ただし、機種によっては室内機に直接電源を供給するタイプ(室内機電源)もあります。
また、家庭用・業務用にかかわらず、室外機と室内機の間には運転切替などの信号や電源をやりとりする「連絡線」を接続する必要があります。電気機器と共用することはできません。

5.電源線の選定も重要です

電源線はその種類や太さによって、供給できる電気の量が異なります。
エアコンの馬力や設置台数に応じて適切な電源線を使用することが大切です。
規定より細い電源線を使用すると発熱によって火災のリスクが高まるため、必ず適正なサイズを選定しましょう。

単相(電灯)のブレーカーと対応表

単層

三相(動力)のブレーカーと対応表

三相

ドレンについて

1.ドレン水とは

エアコンは、熱を持った空気を冷やす際に水蒸気を発生させます。その水蒸気が冷やされて液体になったものが「ドレン水」です。これはエアコンの使用時に必ず発生する副産物です。

2.ドレン配管工事の必要性

室内機に溜まったドレン水は、そのままにしておくと漏水や機器の故障の原因になります。そのため、ドレン配管を使って屋外や指定の排水ルートに排出する必要があり、この作業を「ドレン配管工事」と呼びます。

3.ドレン配管の勾配ルール

ドレン水をスムーズに排出するには、ドレン配管100cmにつき高さ1cm以上の勾配をつける必要があります。
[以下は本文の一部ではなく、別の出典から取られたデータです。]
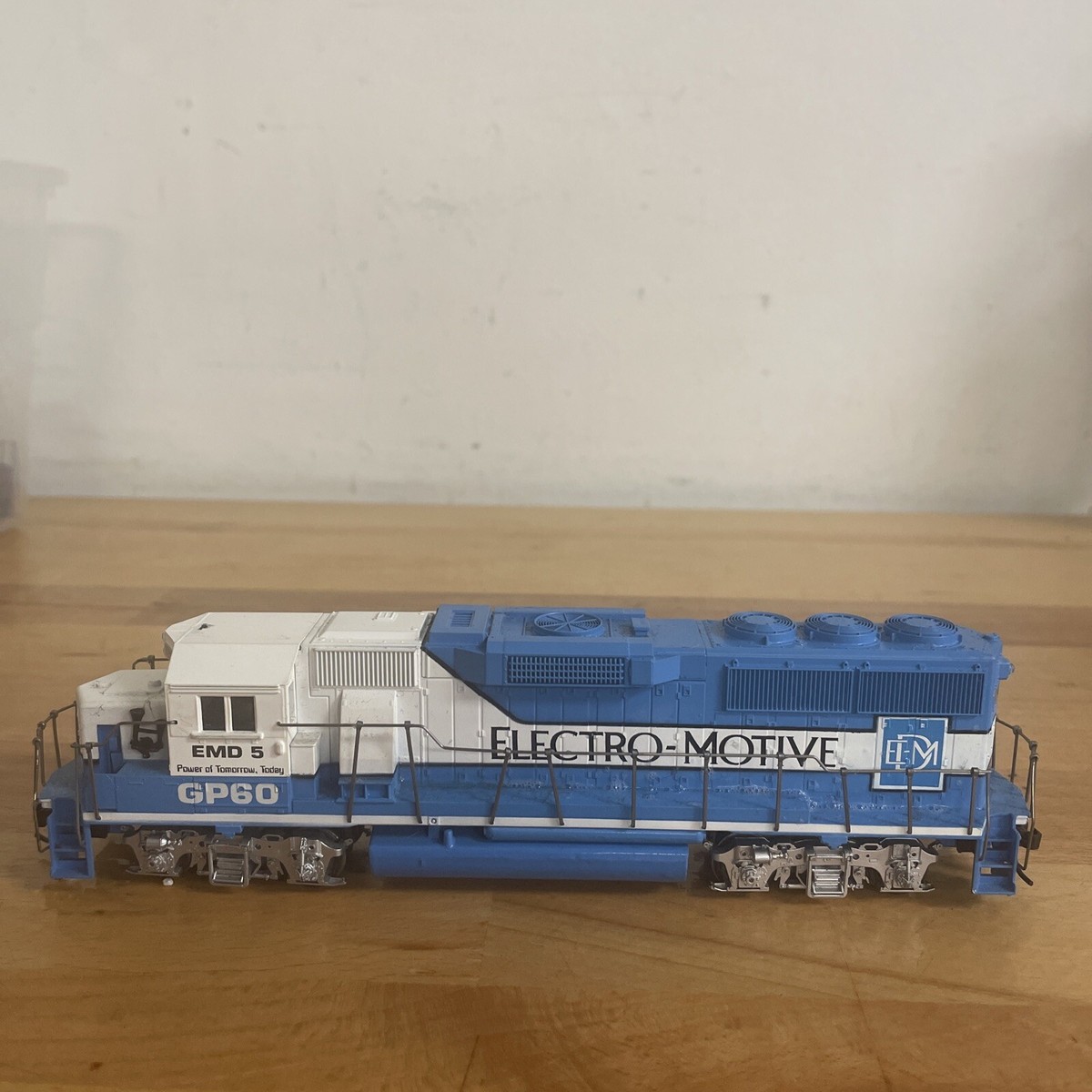 ATHEARN MARYLAND RAILROAD Ho Diesel Locomotive Train #9625 GP60 Bleu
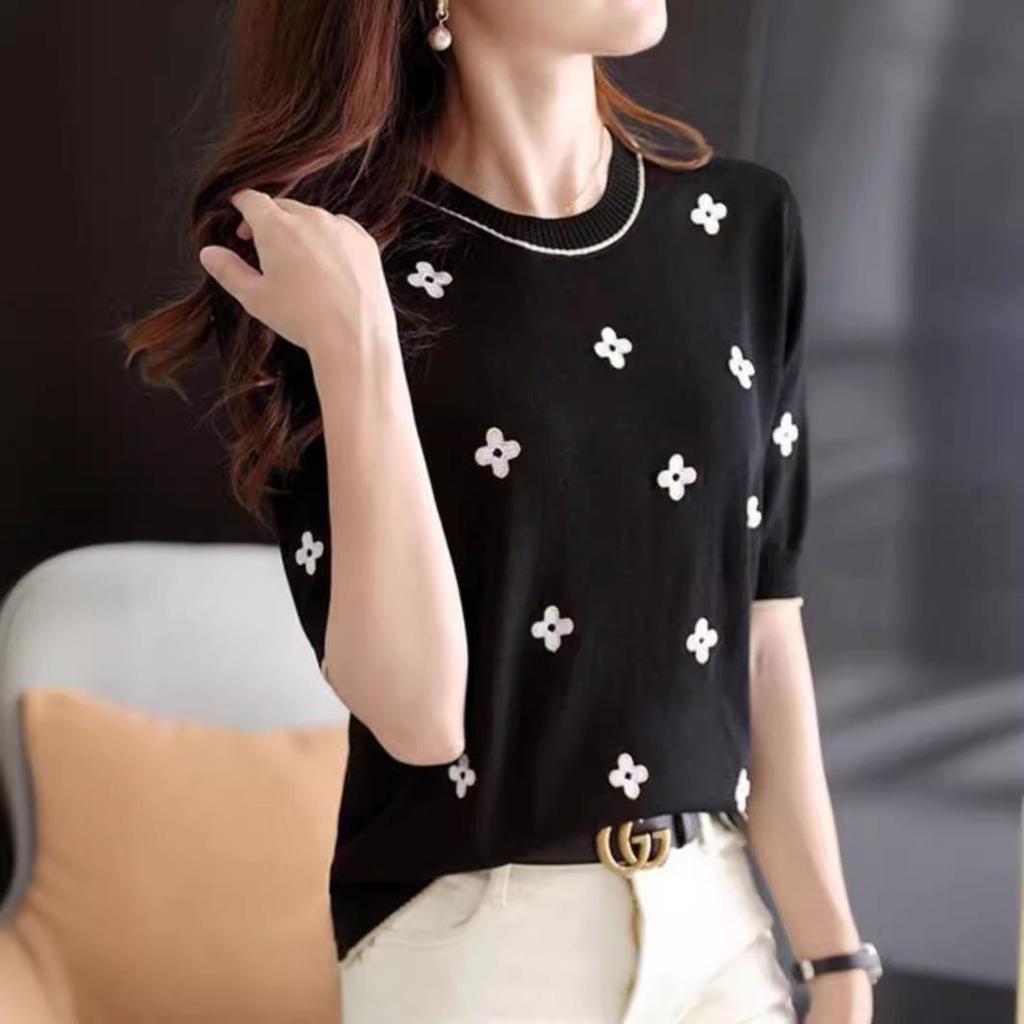 2024 Nouveau Style Femme Top Tricoté en Soie Glacée Brodé Trèfle à Quatre Feuilles Col Rond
適切な勾配がないと、排水不良や水漏れの原因となるため、設置時のポイントとなります。

4.ドレンアップ装置について

天井カセット型エアコンのような、天井に埋め込むタイプのエアコンでは、天井内でドレン勾配をつけるのが難しい場合があります。そのため、室内機本体にドレンアップ装置(ドレン水を上に持ち上げて排出する装置)が内蔵されています。

なお、天吊り型・壁掛け型・床置き型などのエアコンにはこの機能が内蔵されていないため、必要に応じて外付けのドレンアップ装置を設置する必要があります。